De qualquer coisa. Escrevi um verso que fala que a poesia é o que quiser e está em qualquer coisa, pertence ao mundo e despertence. O único propósito é revirar os verbos, confundi-los. (Aqui entra de novo Manoel de Barros com aquilo do verbo pegar delírio).
O hábito que conservo é o mais comum entre todas as pessoas que escrevem (penso eu!): a leitura. Descobrir escritores, descobrir ideias, descobrir novas formas de ver o texto escrito e de nos aproximarmos dele. Acho que se nos mantivermos ativos com a pesquisa (e com isso não me restrinjo absolutamente aos textos literários), a criatividade virá. Não sei se impávida como Muhammad Ali, mas em horas de descuido certamente…
O que você acha que mudou no seu processo de escrita ao longo dos anos? O que você diria a si mesmo se pudesse voltar à escrita de seus primeiros textos?

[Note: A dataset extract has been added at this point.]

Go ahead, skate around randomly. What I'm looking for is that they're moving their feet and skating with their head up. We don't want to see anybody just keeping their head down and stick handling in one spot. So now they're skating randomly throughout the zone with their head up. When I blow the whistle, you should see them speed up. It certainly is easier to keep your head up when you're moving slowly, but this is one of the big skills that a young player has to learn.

Muita coisa, nem aquele que escreve é o mesmo. Amém! Só o meu nome permanece, e o meu respeito e desejo ardente pela literatura. Certamente, o que mais mudou foi minha forma de ver a poesia: não mais como uma necessidade minha, senão como uma arma. E uma arma que exige tempo e esforço para saber manejar. E quando digo “arma”, não quero dizer que é uma arma para mim, mas uma arma para mim e que pode ser usada por qualquer um.

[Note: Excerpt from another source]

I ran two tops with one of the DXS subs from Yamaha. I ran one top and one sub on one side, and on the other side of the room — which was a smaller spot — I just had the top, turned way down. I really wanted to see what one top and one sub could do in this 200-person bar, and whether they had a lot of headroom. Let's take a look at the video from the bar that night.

Ao Leonam dos primeiros poemas, diria que a escrita pede calma, assim como a vida. Mas respeito esse Leonam porque ele, em alguma medida, teve coragem. Não costumo gostar dos poemas já publicados; salvaria poucos, mas porque sou impiedoso comigo mesmo. Antonio Machado nesse sentido diz, no prólogo ao seu livro “Páginas escolhidas”, que “nossa incapacidade para julgar de forma justa reside também na diminuição de nossa simpatia por nossos escritos e na enorme distância que liga o momento criador ao momento crítico”. Ele conclui que “julgar a nós mesmos ou corrigir-nos implica aplicar a régua alheia à nossa criação. E ao analisar racionalmente e concordar com as pessoas, afastamo-nos de nós mesmos”. Gosto dessa percepção. Depois de ler isso, evito fazer tantos julgamentos sobre meus poemas anteriores. Tento seguir a recomendação de García Márquez de não retornar aos livros já publicados.
Que projeto você gostaria de fazer, mas ainda não começou? Que livro você gostaria de ler e ele ainda não existe?
Há anos tenho a ideia de publicar um livro só de poesias homoeróticas. Comecei, mas abandonei. Não sei se retomarei, espero que sim. Também tenho vontade de publicar poemas baseados em minha experiência de escritor e corpo do terceiro-mundo vivendo na Europa. Desejo falar sobre essas travessias, esses atravessamentos culturais, refletir sobre o corpo que emigra e que se torna um sujeito múltiplo, que ao conhecer e viver sob as rendas de outra cultura pode olhar mais criticamente para todas as culturas, e renegar todas, se for o caso. Esse sujeito fragmentado, que se move entre mil intersecções e que afronta suas vulnerabilidades me interessa muito. Poderia ser uma homenagem a Gloria Anzaldúa, por exemplo, ou a Spivak.
Gostaria de ler um livro de poesia que refletisse sobre os corpos como territórios generificados e transmitisse o desconforto tremendo que significa constituir-se como corpo-humano-inteligível a partir de estruturas de gênero. Algo nesse sentido, que não tivesse um peso tão acadêmico e que fosse profundamente poético. Li algumas tentativas nesse sentido, mas achei quase todas mega cafonas e rasas. Acho que a gente precisa de mais literatura que odeie o sistema sexo-gênero.